Short web captions
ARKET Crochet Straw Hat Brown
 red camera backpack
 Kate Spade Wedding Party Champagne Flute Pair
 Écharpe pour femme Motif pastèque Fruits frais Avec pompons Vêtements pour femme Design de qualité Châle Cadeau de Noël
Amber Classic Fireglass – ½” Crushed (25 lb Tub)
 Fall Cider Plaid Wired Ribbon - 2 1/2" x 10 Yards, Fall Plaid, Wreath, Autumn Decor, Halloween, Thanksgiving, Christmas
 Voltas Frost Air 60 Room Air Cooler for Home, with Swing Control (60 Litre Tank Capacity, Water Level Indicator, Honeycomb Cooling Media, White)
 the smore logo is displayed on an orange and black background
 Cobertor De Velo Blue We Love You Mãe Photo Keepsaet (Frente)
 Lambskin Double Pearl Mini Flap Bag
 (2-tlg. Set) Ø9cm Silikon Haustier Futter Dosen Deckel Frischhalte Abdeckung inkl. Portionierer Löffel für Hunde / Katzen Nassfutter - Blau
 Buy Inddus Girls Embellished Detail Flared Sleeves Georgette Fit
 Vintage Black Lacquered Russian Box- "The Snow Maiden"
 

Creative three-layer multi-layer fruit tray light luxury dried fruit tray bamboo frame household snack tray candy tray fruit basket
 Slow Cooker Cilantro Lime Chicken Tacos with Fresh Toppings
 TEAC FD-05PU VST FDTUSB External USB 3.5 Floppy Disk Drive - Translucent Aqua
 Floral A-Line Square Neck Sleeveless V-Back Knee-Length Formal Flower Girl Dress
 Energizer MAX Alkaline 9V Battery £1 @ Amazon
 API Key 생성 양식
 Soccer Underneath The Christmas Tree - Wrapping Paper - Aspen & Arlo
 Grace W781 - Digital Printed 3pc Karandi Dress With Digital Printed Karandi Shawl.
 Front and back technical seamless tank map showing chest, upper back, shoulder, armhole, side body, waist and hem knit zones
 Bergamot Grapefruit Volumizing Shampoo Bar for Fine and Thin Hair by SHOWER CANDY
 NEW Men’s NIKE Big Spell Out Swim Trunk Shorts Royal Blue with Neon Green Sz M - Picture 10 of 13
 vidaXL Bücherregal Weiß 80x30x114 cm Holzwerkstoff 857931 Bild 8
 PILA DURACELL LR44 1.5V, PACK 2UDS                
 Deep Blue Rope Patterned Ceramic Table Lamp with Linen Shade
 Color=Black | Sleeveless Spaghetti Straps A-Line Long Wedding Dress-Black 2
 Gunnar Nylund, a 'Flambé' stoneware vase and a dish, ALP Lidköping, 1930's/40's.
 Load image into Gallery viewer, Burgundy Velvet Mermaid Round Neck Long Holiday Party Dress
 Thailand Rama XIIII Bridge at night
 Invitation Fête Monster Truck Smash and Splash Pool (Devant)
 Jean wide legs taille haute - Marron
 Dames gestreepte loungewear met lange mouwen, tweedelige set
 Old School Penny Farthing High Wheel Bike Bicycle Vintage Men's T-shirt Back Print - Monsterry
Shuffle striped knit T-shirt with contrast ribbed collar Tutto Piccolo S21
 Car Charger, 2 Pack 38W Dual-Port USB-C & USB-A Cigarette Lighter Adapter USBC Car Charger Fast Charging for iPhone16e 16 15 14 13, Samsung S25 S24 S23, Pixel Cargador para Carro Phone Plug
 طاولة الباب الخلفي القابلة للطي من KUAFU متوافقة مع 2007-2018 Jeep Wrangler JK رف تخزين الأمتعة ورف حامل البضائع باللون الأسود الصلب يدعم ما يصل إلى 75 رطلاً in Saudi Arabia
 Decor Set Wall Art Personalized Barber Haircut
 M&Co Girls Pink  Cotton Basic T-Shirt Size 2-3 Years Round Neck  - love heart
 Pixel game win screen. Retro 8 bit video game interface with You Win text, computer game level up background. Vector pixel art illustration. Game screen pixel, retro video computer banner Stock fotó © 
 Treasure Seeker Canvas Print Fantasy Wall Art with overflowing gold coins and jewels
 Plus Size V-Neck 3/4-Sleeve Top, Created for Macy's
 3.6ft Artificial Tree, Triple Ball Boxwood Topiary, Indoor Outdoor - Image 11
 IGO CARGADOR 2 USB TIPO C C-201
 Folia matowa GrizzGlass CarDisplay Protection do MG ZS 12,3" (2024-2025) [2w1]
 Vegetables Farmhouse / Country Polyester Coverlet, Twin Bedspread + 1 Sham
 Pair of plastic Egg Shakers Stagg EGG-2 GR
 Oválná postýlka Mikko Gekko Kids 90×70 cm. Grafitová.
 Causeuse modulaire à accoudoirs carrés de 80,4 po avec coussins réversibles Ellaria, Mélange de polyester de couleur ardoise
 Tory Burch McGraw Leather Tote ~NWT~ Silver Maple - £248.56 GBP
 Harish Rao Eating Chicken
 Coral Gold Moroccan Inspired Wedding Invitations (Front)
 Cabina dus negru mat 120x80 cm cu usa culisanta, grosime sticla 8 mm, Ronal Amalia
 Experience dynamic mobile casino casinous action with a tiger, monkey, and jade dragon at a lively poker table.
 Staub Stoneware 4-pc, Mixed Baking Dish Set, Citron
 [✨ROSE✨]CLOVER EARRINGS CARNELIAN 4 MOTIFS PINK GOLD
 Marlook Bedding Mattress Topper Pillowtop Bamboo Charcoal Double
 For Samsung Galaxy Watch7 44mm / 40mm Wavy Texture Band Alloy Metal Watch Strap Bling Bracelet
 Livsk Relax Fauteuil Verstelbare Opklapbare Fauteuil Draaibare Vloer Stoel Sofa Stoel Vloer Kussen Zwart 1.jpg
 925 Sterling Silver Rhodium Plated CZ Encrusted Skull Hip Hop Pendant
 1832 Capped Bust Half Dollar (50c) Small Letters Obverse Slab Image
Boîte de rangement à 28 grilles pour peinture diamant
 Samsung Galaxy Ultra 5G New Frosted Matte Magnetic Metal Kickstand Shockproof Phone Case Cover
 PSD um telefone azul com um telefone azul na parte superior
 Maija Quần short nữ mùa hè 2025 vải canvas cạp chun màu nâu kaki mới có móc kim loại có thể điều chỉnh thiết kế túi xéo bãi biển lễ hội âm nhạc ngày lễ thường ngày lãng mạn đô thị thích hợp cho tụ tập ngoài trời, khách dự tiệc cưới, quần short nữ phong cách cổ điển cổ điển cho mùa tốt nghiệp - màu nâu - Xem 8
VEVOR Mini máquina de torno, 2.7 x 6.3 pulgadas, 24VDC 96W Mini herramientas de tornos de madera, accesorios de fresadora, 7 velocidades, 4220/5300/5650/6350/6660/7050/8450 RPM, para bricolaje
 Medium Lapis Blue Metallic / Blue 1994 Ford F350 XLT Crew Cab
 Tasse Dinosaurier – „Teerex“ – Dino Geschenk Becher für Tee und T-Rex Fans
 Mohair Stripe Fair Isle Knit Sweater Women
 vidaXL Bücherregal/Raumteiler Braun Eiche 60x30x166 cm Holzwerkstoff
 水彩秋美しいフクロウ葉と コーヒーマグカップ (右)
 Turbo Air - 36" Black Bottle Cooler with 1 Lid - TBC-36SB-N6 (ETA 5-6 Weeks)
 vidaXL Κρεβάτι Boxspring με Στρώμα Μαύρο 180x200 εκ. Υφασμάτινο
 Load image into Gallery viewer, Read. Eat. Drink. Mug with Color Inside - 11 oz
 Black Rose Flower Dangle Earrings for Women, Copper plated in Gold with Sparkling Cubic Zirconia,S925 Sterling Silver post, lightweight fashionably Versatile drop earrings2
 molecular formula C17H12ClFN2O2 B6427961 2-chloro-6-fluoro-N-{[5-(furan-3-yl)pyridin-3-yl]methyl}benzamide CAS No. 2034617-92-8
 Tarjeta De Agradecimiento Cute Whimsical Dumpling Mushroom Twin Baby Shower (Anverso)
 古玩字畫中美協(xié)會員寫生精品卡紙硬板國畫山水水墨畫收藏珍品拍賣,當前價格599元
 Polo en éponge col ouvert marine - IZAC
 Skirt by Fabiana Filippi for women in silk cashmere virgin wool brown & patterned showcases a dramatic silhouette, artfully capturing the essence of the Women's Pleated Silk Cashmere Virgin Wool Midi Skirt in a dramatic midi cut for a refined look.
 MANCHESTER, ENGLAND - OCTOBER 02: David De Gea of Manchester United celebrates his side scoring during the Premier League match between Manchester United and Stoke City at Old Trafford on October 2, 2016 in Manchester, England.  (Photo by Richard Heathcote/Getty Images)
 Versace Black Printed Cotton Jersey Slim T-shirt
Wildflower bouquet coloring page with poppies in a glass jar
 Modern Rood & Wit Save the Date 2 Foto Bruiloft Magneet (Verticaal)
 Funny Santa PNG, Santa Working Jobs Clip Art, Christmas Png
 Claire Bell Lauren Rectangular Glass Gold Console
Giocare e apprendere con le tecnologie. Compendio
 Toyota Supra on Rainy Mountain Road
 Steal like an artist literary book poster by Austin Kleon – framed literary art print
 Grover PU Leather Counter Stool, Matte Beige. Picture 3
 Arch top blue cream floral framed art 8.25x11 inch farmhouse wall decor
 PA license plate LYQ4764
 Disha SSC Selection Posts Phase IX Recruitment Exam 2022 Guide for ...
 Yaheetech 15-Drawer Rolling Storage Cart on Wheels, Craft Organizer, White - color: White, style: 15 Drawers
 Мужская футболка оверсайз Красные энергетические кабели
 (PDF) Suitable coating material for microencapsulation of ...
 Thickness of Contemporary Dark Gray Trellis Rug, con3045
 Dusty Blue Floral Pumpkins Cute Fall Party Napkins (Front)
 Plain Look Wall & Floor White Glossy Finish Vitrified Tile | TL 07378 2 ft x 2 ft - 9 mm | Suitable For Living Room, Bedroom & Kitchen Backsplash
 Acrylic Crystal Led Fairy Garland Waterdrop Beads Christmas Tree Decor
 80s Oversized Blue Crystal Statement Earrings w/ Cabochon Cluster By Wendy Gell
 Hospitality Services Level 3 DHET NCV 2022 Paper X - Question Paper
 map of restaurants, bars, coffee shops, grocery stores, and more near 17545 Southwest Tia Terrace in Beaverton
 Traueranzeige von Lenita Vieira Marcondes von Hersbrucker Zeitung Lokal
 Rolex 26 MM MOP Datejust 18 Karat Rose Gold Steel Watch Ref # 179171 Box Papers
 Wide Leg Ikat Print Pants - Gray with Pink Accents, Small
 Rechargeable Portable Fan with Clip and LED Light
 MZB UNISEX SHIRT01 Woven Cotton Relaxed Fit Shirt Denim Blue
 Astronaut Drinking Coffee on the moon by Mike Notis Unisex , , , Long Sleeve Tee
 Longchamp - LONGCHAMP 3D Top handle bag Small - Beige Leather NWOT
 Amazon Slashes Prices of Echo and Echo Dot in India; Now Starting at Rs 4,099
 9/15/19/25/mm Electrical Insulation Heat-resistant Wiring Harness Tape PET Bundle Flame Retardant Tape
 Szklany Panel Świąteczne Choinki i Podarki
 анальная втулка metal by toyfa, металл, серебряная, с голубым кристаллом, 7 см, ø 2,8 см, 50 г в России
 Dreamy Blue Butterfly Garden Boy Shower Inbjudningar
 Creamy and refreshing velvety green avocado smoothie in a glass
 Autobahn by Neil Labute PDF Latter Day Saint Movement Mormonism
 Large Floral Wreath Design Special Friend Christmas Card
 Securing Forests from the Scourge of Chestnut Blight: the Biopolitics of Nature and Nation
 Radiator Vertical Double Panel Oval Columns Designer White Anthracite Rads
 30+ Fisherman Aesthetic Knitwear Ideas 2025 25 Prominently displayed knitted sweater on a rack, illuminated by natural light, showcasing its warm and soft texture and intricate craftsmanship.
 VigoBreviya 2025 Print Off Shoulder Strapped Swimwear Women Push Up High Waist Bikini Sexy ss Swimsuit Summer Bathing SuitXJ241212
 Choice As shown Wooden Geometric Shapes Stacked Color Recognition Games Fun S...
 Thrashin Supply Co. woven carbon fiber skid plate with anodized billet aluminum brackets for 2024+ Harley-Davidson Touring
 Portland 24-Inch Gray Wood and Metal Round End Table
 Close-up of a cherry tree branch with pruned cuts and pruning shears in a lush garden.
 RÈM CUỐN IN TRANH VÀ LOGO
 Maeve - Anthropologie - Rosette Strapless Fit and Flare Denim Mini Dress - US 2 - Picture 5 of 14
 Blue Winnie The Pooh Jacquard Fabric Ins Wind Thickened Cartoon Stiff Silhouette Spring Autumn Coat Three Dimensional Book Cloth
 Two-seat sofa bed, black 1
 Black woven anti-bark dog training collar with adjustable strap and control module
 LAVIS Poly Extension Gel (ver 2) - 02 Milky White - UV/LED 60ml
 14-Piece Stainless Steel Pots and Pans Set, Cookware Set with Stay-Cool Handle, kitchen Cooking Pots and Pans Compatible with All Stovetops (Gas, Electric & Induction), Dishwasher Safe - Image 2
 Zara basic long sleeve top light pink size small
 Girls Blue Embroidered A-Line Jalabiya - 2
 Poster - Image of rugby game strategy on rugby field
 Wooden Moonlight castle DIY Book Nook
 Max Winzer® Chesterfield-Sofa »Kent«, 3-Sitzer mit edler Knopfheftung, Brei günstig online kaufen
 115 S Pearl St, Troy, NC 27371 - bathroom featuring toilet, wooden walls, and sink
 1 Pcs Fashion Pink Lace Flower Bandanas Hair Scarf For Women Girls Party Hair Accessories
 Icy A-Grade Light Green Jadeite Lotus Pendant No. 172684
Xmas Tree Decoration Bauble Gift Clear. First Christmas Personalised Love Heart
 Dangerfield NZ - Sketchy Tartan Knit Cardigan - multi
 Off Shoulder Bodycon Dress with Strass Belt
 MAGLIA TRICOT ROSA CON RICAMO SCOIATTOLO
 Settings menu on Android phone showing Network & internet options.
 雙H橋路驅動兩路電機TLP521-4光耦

**What is being asked:**
Pull out all lines in the data above that include "Girls".

**Exercise solution:**
 Buy Inddus Girls Embellished Detail Flared Sleeves Georgette Fit
 M&Co Girls Pink  Cotton Basic T-Shirt Size 2-3 Years Round Neck  - love heart
 Girls Blue Embroidered A-Line Jalabiya - 2
 1 Pcs Fashion Pink Lace Flower Bandanas Hair Scarf For Women Girls Party Hair Accessories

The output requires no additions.